Replacement workers now suing their employers

The very name of the program that they were brought in under ' ... temporary guest worker program...' suggests that permanent status was never promised.

'Ignorance of the law' used to be a tenet of the legal system , but now it is just an excuse .. ' Ignorant of American immigration law, advocates said, the workers were unaware that they had been brought in only temporarily. '

Substandard working facilities ? Quite possible... but note that they are NOT complaining about compensation. Apparently it was delivered as promised, and I would bet that it was considerably less than the going rate for US workers. The Oil companies and their sub-contractors no doubt have a lot of blame in pursuing and implementing this hiring plan, but mostly against US workers.

If the conditions after the hurricanes was deplorable then normally companies can offer 'combat pay' (add'l compensation and benefits) to attract workers. At some pay level they could get workers, but they chose to take the opportunity to get foreign workers and pay less.

First we have illegals demonstrating in the streets (what chutzpah!) for their 'rights' and now temporary workers demand permanent status. If new temporary worker programs are designed by congress in some future immigration bill, are legal challenges like this awaiting the US ?

March 11, 2008

Workers Sue Gulf Coast Company That Imported Them

NEW ORLEANS — A group of 500 foreign welders and pipefitters brought in to work at Gulf Coast oil rig yards after Hurricane Katrina said Monday that they had sued their employer, claiming they were lured with false promises of permanent-resident status, forced to live in inhumane conditions and then threatened when they protested.
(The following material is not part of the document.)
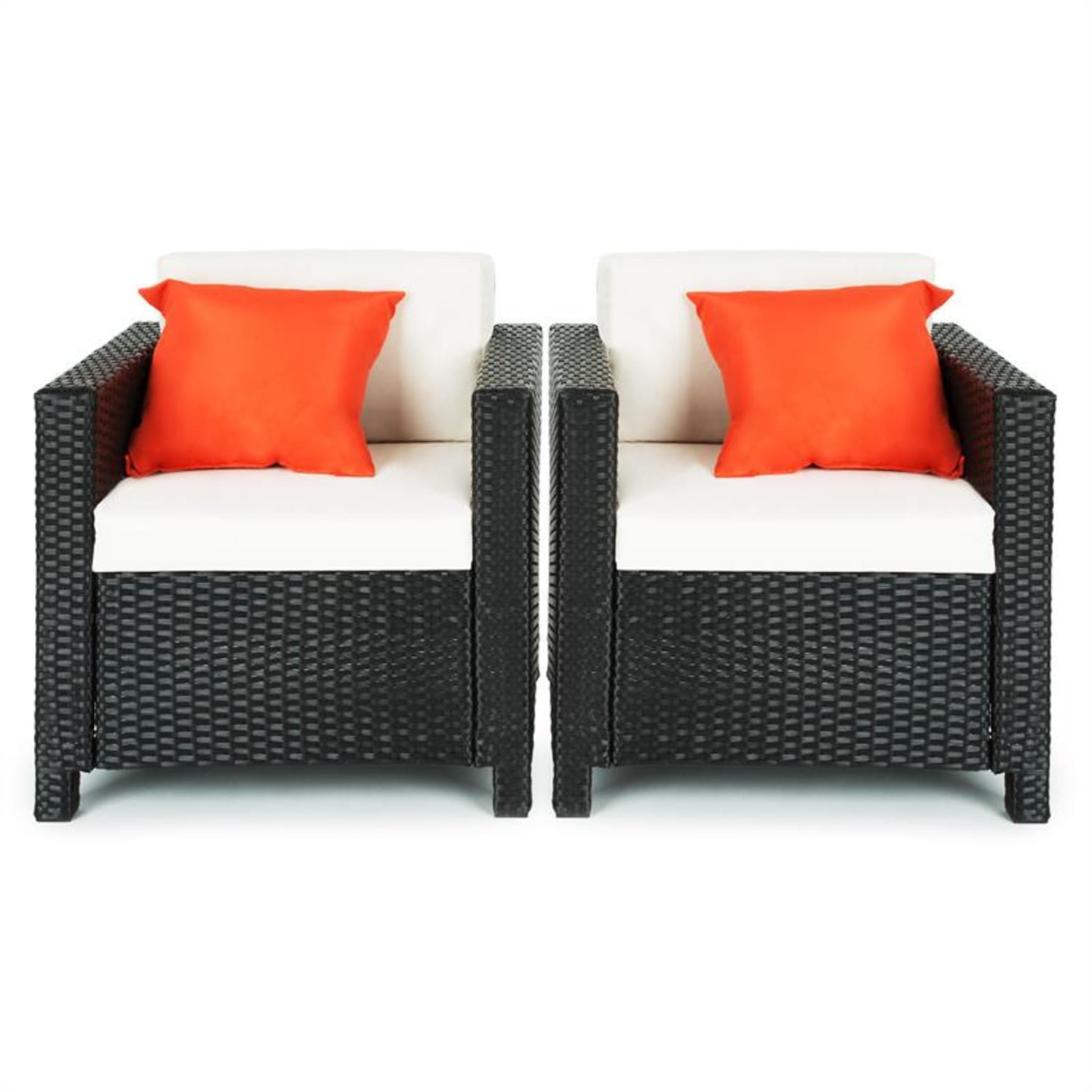 VERONA, ČRNA/BEŽ/ORANŽNA, SET VRTNEGA POHIŠTVA, 4-DELNI, POLIRATAN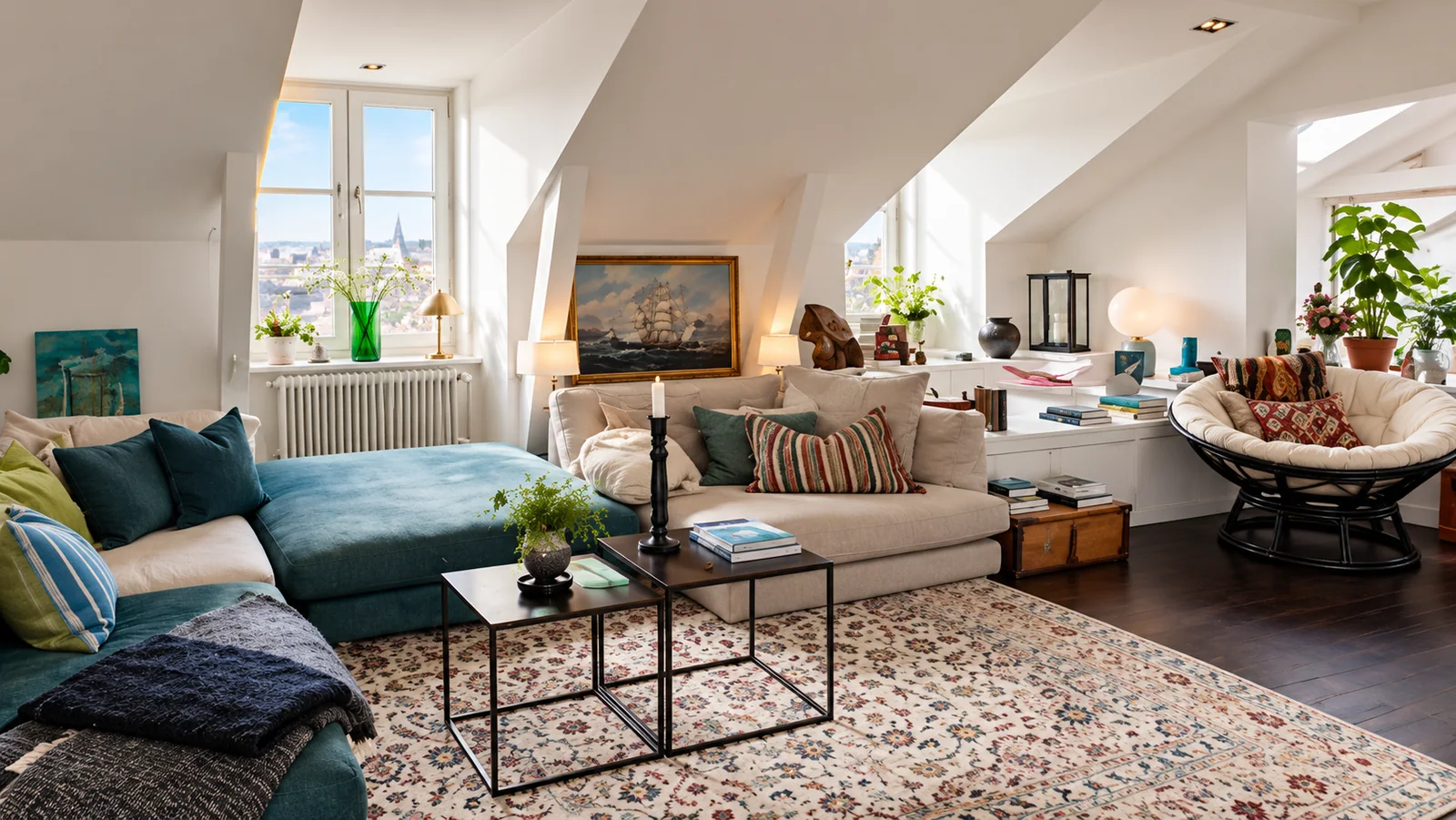 Ljust och välordnat vardagsrum med soffa och utsikt mot grönska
The workers were recruited in India and the United Arab Emirates and brought in late 2006 and early 2007 under the government’s temporary guest worker program. They worked at Signal International, an oil-rig repair and construction company with yards in Pascagoula, Miss., about 85 miles east of here, and in Orange, Tex., about 100 miles east of Houston.
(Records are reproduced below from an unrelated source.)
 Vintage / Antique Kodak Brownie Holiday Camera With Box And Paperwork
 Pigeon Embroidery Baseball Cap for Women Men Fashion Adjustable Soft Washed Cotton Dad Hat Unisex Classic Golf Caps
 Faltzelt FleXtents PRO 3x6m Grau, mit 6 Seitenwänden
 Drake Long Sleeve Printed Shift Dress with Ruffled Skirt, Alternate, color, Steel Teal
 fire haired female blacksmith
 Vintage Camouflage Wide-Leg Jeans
The company said it had brought them in to supplement a labor force depleted by Hurricanes Katrina and Rita.

At a rally here Monday, workers and their lawyers said they had given up life savings, sold family jewelry and paid up to $20,000 in immigration and travel fees after being assured that the company would help them to become permanent residents of the United States.
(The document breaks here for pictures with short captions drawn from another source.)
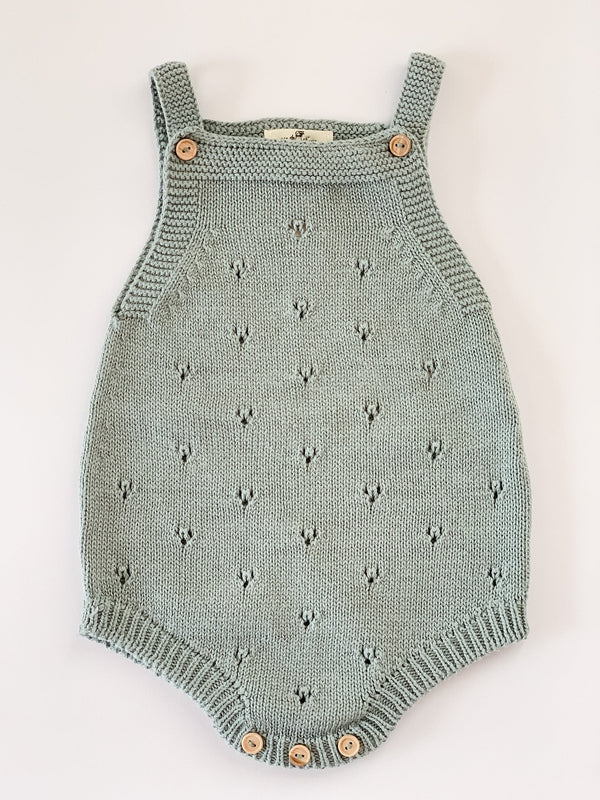 Barboteuse bébé motifs ajourés - Jade - Vanille Coton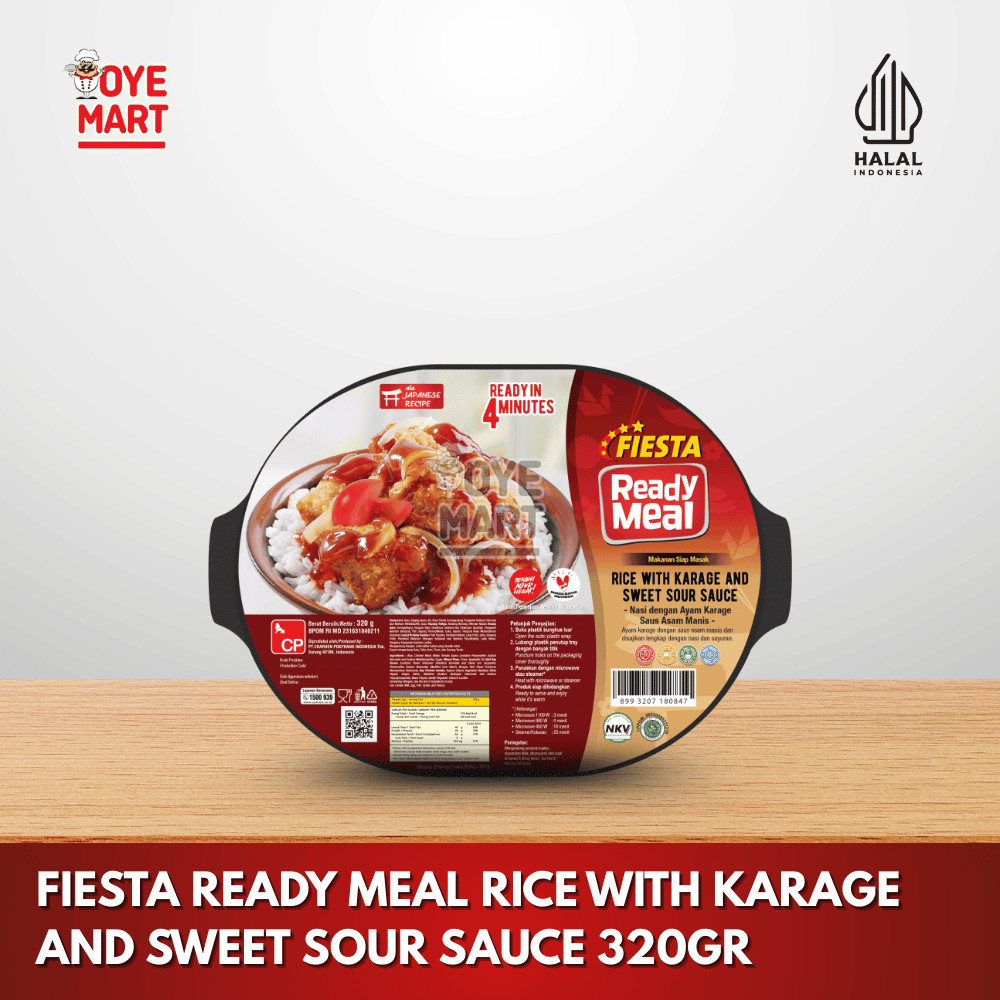 

FIESTA READY MEAL RICE WITH KARAGE AND SWEET SOUR SAUCE 320GR / NASI DENGAN AYAM KARAGE SAUS ASAM MANIS
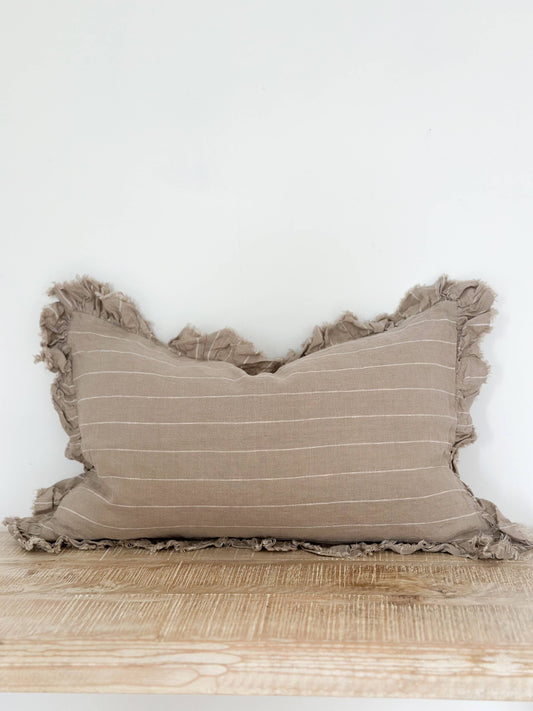 Harper Ruffled Linen Cushion 50x30 – Beige Stripe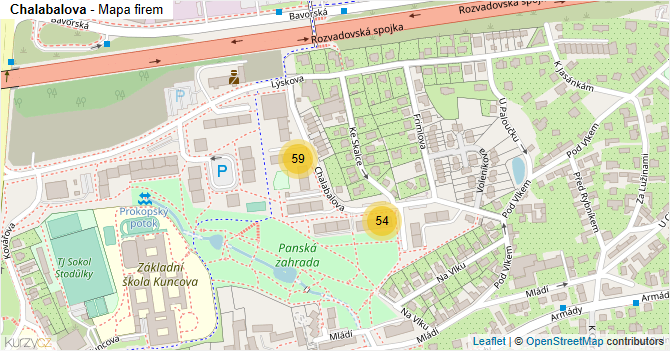 Chalabalova - mapa firem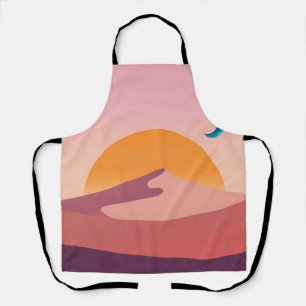 Minimalist Desert Sunset Moon Landscape Apron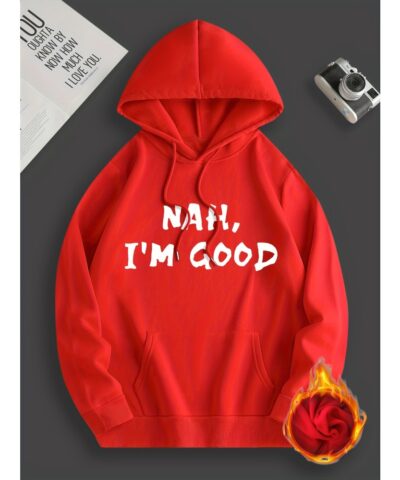 I'm Good Print Hoodie, Cool Hoodies For Men, Men's Casual Graphic Design Pullover Hooded Sweatshirt With Kangaroo Pocket Streetwear For Winter Fall, As Gifts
In a statement, the company called the workers’ charges “baseless and unfounded” and said it had spent “over $7 million constructing state-of-the-art housing complexes” for the workers. The company said that the “vast majority of the workers” recruited had been satisfied with their conditions and that the workers were being paid “in excess” of prevailing rates and in full compliance with the law.

Workers and their advocates disputed those assertions. Ignorant of American immigration law, advocates said, the workers were unaware that they had been brought in only temporarily.

“They didn’t know they were guest workers,” said Stephen Boykewich of the New Orleans Workers’ Center for Racial Justice. “They thought they were getting permanent status.”

The green cards enabling residency never materialized, according to the lawsuit, and the workers were forced to live in overcrowded guarded “bunkhouses” at Signal International, with inadequate toilets and unhygienic kitchens that frequently made them ill.

The class-action lawsuit was filed by the Southern Poverty Law Center of Montgomery, Ala., among other groups.

The workers’ assertions are the latest in a series of complaints about exploitation of foreign laborers on the Gulf Coast after Hurricane Katrina.

Previous complaints have involved Hispanic hotel and construction workers and farm laborers and have centered on low pay and harsh working conditions.

In the summer of 2006, Hispanic hotel workers sued a prominent New Orleans developer over inadequate pay, and last month, fruit pickers walked off the job in a parish north of here over exploitative conditions.

The Southern Poverty Law Center has also sued on behalf of immigrant workers involved in the reconstruction and cleanup of New Orleans after the storm. It maintains that immigrants brought in under the guest worker program are “systematically exploited and abused,” all over the country.